Re: Problem with MSD 5973

Posted: Sun Jul 07, 2013 1:29 am
by cleh
Agree with James. Try a new EM.

Re: Problem with MSD 5973

Posted: Fri Aug 09, 2013 9:22 am
by awoods
Had the same problem last year (peak shapes and EM voltage high)
Your problem is with the electron multiplier, the EM voltage should be between 1000v and 3000v. Engineer told me when your MS is tuning with the EM voltage in excess of 2900v it is old and needs to be replaced.

Re: Problem with MSD 5973

Posted: Fri Aug 09, 2013 10:23 am
by lmh
Just in case anyone comes across this thread, I'll admit I've created an almost identical situation recently, but this was pure stupidity on my part, and was easily solved:

After a routine filament change and some column maintenance I accidentally replaced the blue and orange wires that go to lenses at the back of the ion source in such a way that the wires dropped a bit, and got very close to the cone on the source that lines up with the transfer line when you close the door. As a result when I shut the door, I trapped the wires, damaged them slightly, and quite probably messed up the gas flow around the source's inlet cone. I can't believe I did something soooo stupid. (I did at least get them the right way round!)

They symptoms were extreme difficulty getting it to autotune, a very ragged peak-shape (particularly for the 502 mass), enormous EM voltage and a gain factor that's beyond belief. Moving the two wires to a sensible place where they're not in the way, and where the damaged insulation wasn't pushed up against a metal surface reduced the EM voltage on tuning by more than 1000V and restored nice peak shape for all three tune masses.

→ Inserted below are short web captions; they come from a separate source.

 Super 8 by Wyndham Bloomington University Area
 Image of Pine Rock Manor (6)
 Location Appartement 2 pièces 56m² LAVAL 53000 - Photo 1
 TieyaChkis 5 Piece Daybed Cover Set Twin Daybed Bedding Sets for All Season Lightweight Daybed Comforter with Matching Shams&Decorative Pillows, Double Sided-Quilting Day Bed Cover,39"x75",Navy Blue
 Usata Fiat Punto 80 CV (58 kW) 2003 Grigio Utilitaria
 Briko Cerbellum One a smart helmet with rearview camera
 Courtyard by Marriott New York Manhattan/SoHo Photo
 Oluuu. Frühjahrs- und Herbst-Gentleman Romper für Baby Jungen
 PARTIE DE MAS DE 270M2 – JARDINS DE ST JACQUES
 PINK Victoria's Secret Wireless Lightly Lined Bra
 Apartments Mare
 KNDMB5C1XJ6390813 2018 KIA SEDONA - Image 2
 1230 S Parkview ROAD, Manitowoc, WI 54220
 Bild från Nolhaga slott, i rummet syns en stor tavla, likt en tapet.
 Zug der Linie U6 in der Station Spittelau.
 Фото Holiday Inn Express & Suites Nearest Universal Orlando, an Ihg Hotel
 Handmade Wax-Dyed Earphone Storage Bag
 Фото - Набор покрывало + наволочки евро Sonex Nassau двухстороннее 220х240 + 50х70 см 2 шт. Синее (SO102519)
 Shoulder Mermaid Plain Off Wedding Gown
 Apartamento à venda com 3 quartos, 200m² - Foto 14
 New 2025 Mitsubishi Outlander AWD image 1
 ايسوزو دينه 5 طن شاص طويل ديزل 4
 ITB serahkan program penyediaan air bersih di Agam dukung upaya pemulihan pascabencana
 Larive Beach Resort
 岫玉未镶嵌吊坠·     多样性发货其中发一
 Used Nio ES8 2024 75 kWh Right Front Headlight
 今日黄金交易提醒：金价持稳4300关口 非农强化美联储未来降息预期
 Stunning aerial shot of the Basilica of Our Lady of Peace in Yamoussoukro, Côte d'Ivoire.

Proviso: At the same time I had also changed the filaments - again - because in a 2nd piece of stupidity, the first routine filament change had been triggered by a user complaining both filaments weren't working, and when removed they were completely trashed, beyond a normal dead filament. Then the instrument wouldn't tune, but it was because the column had broken about 1cm in from the transfer line, meaning that vast amounts of air was being drawn into the source, giving a terrible vacuum (hence no tuning), which I only noticed after the first filament change, so I'd operated the filaments in bad vacuum for a bit before realising there was the problem with the wires too, which meant they were a bit blue-looking, and I wanted to bias everything in my favour before restarting the instrument. I am new to GC-MS, and making every mistake imaginable.

Re: Problem with MSD 5973

Posted: Fri Aug 09, 2013 9:33 pm
by James_Ball
Don't feel bad, we have all made similar mistakes :)

On the 5971 there is an interface cone like the one on the 5973 except much bigger that screws into the source, and it is what conducted heat from the transfer line interface to the source before they used heaters on the source. Myself and the Agilent service rep were working on getting this thing working one evening and had it all put together and pumping down when we noticed the part still sitting on the bench. Had to cool the diffusion pump, open it up and put it in, not so much fun on those lol.

I have also seen the draw out plate on the wrong side of the spacer ring, not great for the sensitivity either.